Could you give the data below again exactly, apart from the pictures?

═════ COLLECTED DATA ═════

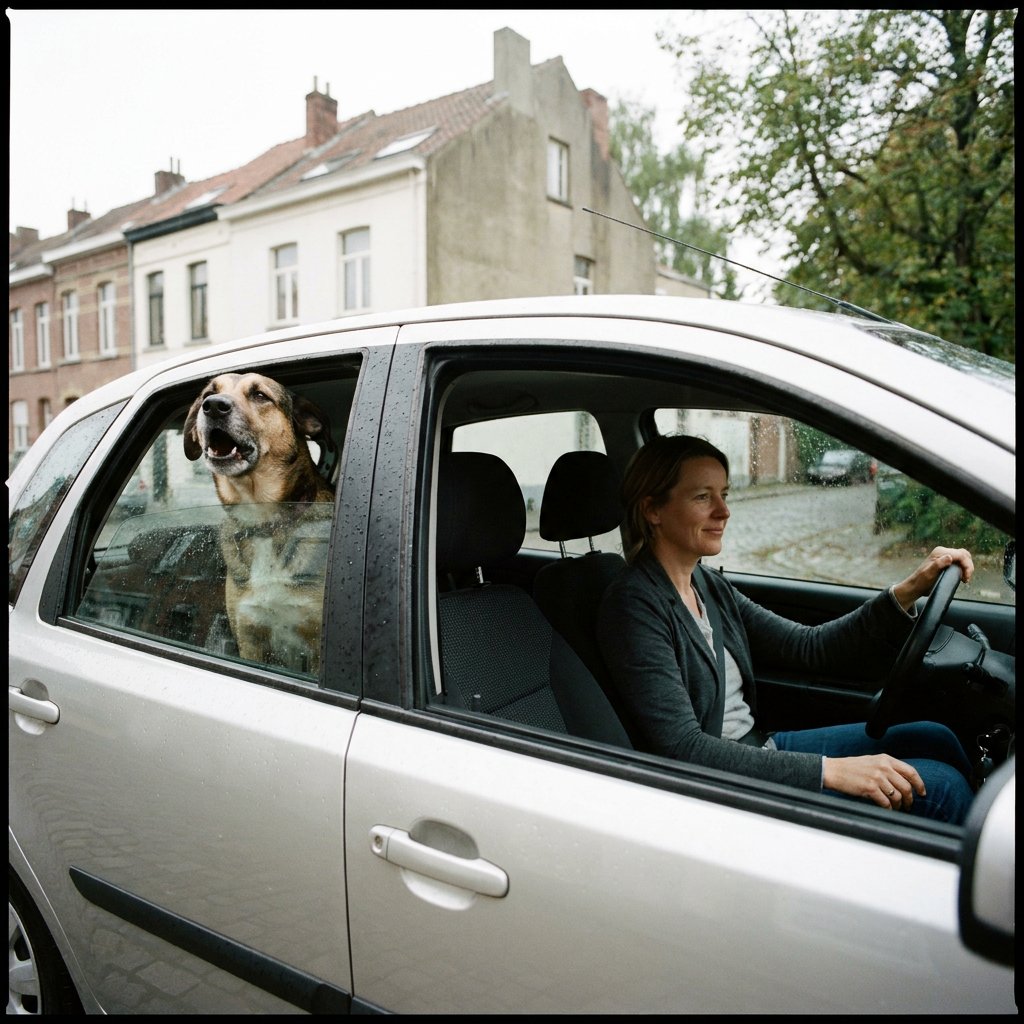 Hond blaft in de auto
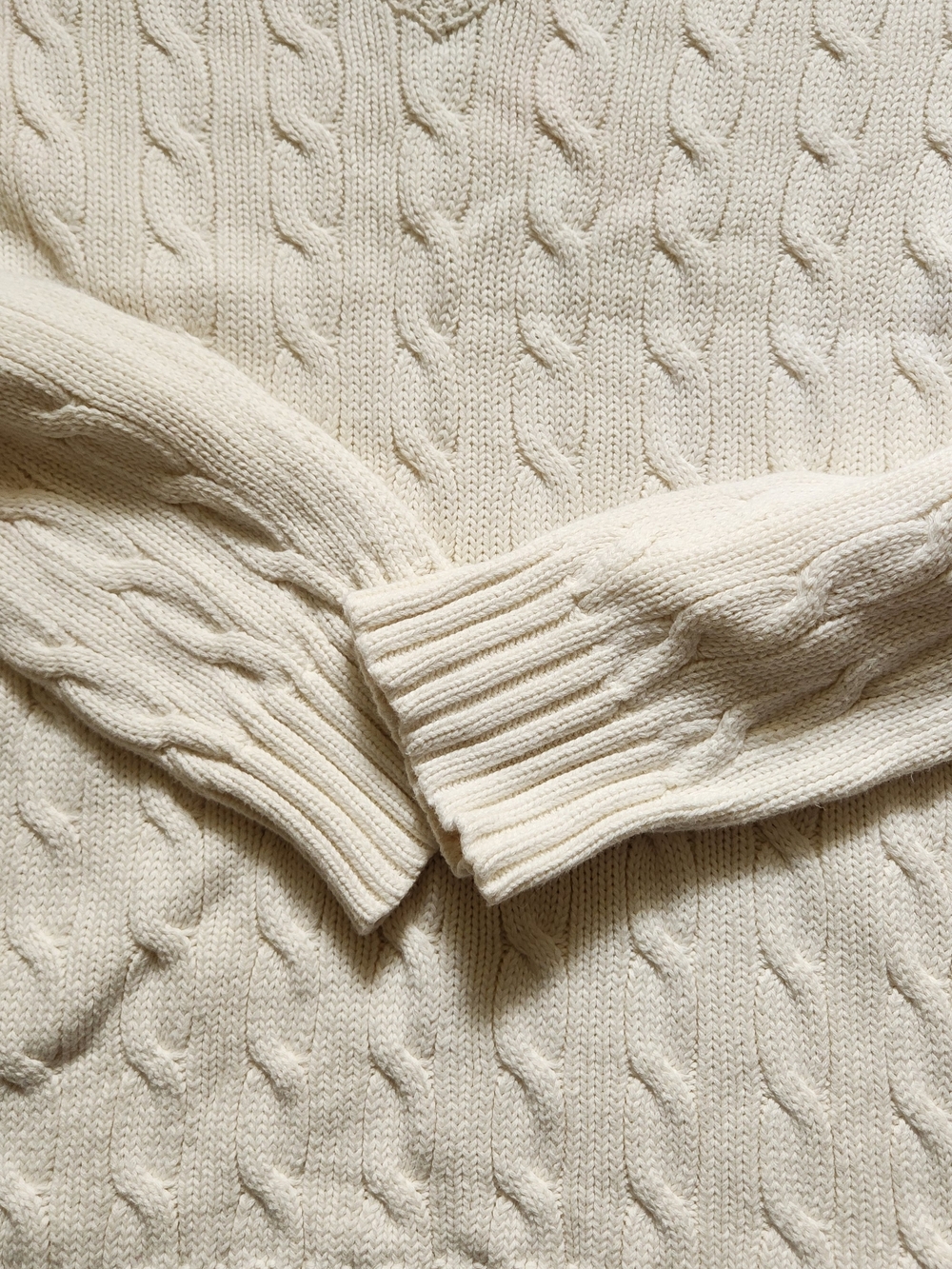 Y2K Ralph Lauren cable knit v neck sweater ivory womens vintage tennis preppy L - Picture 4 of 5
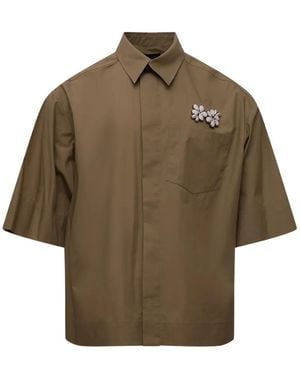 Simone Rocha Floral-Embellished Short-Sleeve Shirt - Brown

═════

■ WRITTEN SOLUTION
 Hond blaft in de auto
 Y2K Ralph Lauren cable knit v neck sweater ivory womens vintage tennis preppy L - Picture 4 of 5
 Simone Rocha Floral-Embellished Short-Sleeve Shirt - Brown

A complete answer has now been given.